Requirement => Establish how many lines below contain the string "Office". Respond with that number alone.

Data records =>
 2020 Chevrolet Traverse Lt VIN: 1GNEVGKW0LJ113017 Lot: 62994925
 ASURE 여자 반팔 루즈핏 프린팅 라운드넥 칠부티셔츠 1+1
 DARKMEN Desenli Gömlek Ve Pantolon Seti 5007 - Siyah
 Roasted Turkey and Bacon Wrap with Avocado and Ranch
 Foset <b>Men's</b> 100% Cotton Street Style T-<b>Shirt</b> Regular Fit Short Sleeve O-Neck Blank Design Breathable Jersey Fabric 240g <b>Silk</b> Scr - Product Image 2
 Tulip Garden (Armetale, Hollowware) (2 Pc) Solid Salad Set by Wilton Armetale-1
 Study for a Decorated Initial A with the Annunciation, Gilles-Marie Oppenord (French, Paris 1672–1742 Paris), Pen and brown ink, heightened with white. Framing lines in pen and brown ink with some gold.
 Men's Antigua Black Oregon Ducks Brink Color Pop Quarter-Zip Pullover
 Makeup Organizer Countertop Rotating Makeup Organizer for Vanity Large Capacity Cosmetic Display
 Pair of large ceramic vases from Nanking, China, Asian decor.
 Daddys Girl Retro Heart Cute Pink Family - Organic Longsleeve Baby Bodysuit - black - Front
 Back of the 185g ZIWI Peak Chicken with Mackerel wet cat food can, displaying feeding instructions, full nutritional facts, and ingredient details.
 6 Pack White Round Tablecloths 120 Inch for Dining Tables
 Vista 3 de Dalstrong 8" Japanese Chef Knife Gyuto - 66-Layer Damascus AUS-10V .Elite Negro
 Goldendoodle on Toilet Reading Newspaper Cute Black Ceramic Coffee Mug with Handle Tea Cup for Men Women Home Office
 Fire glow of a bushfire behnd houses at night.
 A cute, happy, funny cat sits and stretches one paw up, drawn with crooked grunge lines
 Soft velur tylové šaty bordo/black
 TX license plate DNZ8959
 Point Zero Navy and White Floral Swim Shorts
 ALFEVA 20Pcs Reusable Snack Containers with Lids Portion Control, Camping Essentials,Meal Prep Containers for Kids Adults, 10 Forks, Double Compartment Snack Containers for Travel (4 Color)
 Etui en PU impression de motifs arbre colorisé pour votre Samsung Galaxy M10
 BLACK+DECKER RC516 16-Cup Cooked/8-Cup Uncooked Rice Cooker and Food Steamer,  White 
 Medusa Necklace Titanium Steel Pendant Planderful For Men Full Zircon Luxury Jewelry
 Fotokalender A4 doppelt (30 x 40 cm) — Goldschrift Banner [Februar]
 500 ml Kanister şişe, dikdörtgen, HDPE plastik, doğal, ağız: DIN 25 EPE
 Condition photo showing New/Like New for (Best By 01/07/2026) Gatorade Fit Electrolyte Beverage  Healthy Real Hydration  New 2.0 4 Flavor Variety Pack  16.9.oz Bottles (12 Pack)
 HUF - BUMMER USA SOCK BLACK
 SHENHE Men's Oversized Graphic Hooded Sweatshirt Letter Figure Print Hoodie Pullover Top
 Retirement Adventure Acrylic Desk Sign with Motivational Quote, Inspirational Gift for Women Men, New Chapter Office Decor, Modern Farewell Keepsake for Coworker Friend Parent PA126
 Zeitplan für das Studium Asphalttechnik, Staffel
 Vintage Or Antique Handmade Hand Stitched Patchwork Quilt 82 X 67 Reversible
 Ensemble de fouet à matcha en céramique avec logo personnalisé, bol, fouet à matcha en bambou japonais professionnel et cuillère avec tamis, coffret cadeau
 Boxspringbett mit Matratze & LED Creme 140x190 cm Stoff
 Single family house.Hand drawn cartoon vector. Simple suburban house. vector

Task output => 2